Pope Francis has sent a message to a meeting of the Christian Workers’ Movement in the Spanish city of Segovia, in which he has urged the Church to accompany people struggling on the margins of the economy.
Members of the Christian Workers’ Movement of the Spanish Catholic Action (HOAC) gathered 12th-15th August in the Spanish city of Segovia for their 14th General Assembly.
Pope Francis sent his encouragements in a message to participants in the HOAC meeting, which bore the theme “Building Bridges, Tearing Down Walls: The Church in the World of Work Weaving Bonds of Fraternity”.
Work founded in human dignity
In his message, the Pope expressed his appreciation for the organisation’s dedication to helping the Church accompany Catholics in the workforce.
Recalling his words in Evangelii Gaudium, he noted that work is “an essential component of life and human dignity”.
“Work is not simply a productive activity, but a means by which we cooperate with God in the work of creation and realize ourselves as human beings,” he said.
The Pope added that human labor helps us to be “co-creators and to participate in building a more just and fraternal world.”
Church’s solidarity amid joblessness
Pope Francis went on to reflect on the Church’s mission to walk with people in all aspects of their lives, including participation in the workforce.
He said the Church especially needs to accompany people who are on the peripheries of the world of work.
“Our commitment cannot be limited to isolated speeches or actions,” he said, “but must be a constant witness of solidarity and support to people in situations of labor and social vulnerability.”
The Church’s mission with workers, he added, includes being close to people who have lost their jobs or suffer from a lack of employment opportunities.
Christians cannot remain enclosed in the walls of our church buildings, he urged, inviting everyone to reach out actively to those in need and to seek “just and lasting solutions” to job insecurity.
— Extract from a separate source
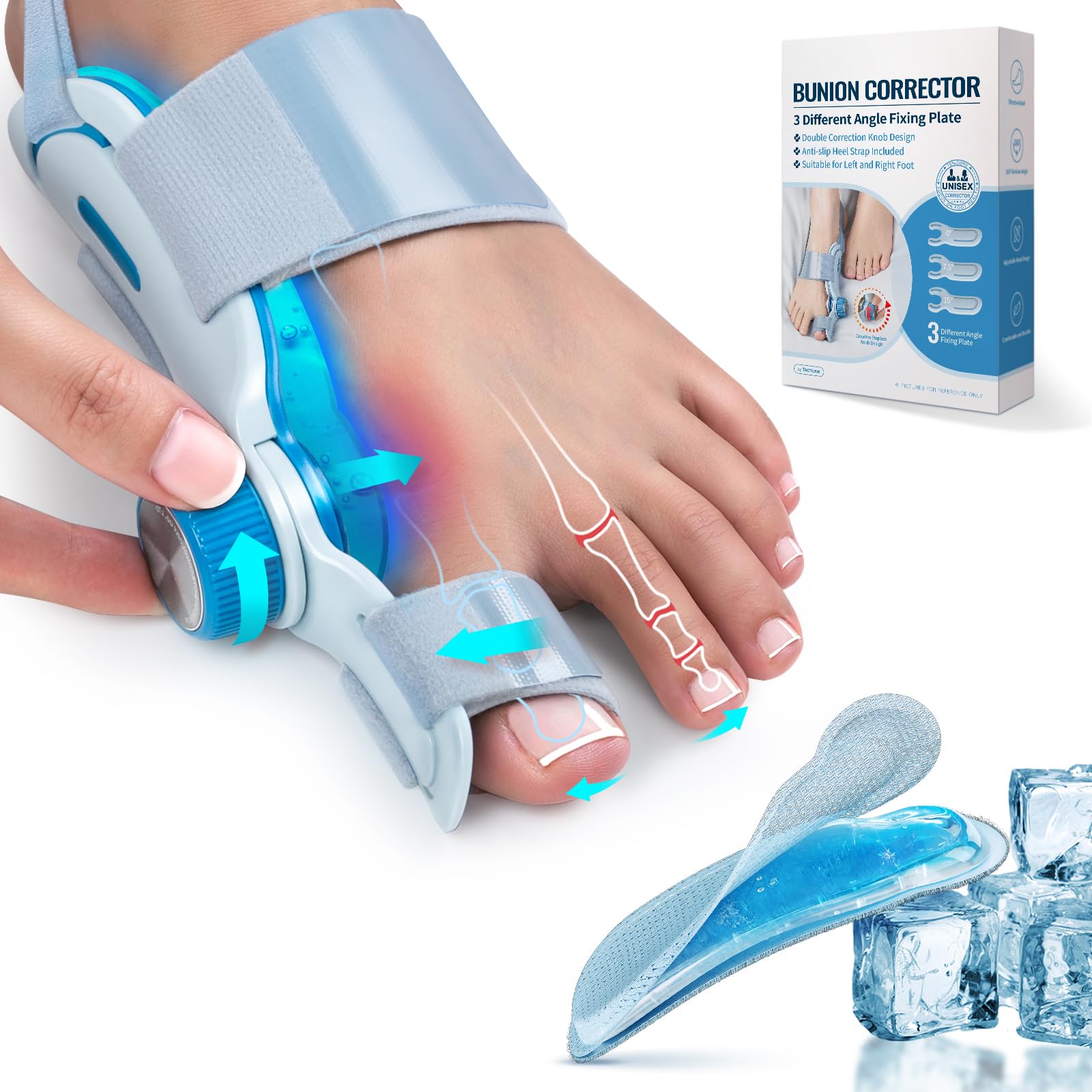 Tech Love Hallux Valgus Korrektur Fixierplatte Upgrade Kältekompresse Hallux Valgus Ballen Zehen Korrektor mit 3 Verschiedenen Befestigungswinkeln Schiene für Zehen Tag und Nacht Unisex Blau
Weaving bonds of fraternity
The Pope lamented the fact that unemployment continues to affect many families, saying the Church bears the responsibility of standing in solidarity with “people who face despair and exclusion due to joblessness.”
He concluded his message by encouraging the members of Catholic Action to “weave bonds of fraternity, bear the light of the Gospel, and build a more just society.
“I urge you to continue to be God’s people in the midst of working life, and to continue to weave stories of love and solidarity,” concluded Pope Francis. “The Church needs you.”
HOAC 14th General Assembly
Over 800 people from 41 dioceses across Spain attended the General Assembly in Segovia.
Participants, who including archbishops, bishops and members of the movement, met to discuss and make decisions regarding the challenges, priorities and proposals of HOAC for the next six years.
The movement seeks to reflect a Christian view of reality while confronting the challenges facing the Church in a world burdened by social malaise, inequality, and injustice that particularly affect the workforce.